I analyse some data, where I have two vectors of values, vector A and vector B. I compute the following two things:
for x, y in A, B:
ratios.append(x / y)
for x, y in A, B:
log_ratios.append(ln(x/y))
Next I compute
log_mean = ln(mean(ratios))
mean_logs = mean(log_ratios)
So in simply words, given my data I compute two mean values – a mean of logs, and a log of means.
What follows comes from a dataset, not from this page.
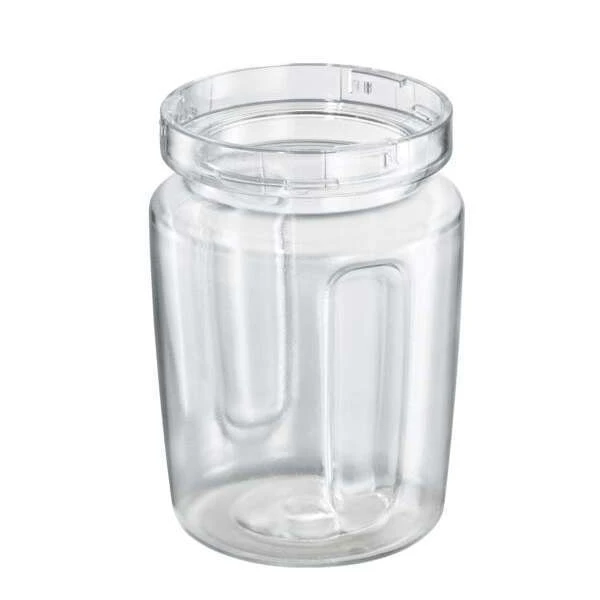 Стационарный блендер Bosch MMBM7G3M - фото 3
I noted that those two values are very far away, i.e.,
log_means = 20.148329613107876
mean_logs = 1.6568702569456684
I did a small computation, comparing how the equations look like, so for the log of mean I would get
$$log\_mean = log\left(\frac{\sum_{i=0}^n\frac{x_i}{y_i}}{n}\right) =
log\left(\sum_{i=0}^n\frac{x_i}{y_i}\right) – log(n)$$
whereas
$$ mean\_log = \frac{\sum_{i=0}^n \log\left(\frac{x_i}{y_i}\right)}{n} =
\frac{\sum_{i=0}^n\left(log(x_i) – log(y_i)\right)}{n} $$
So I see, that mathematically, I obtain two different values, however I'm having hard time to intuitively understand why this difference is so big. Can someone help me a bit with it?
Best Answer
This is the AM-GM inequality in disguise.
You have, setting $a_i = \frac{x_i}{y_i}$, $$ \left( a_1 a_2\dots a_n \right)^{1/n} \leq \frac{a_1+\dots+ a_n}{n} \tag{AM-GM} $$ Taking the log on each side, $$ \frac{1}{n}\log \left( a_1 a_2\dots a_n \right) \leq \log \frac{a_1+\dots+ a_n}{n} $$ or, equivalently, $$ \frac{\log a_1 + \dots + \log a_n}{n} \leq \log \frac{a_1+\dots+ a_n}{n} \,. $$ (Note that you can also prove your inequality with Jensen's inequality, since $\log$ is concave).
In both cases (AM-GM or Jensen's inequalities), you get that the inequality holds if, and only if, $a_1=\dots = a_n$. That tells you why you have that inequality, and why it's not an equality.
As to see why it's that "much" of a strict inequality in your case, intuitively you can think of it as a robust version of the above statement: "the more the $a_i$'s are different (the least balanced), the more this inequality will be far from an equality." (This is very handwavy, but true here.)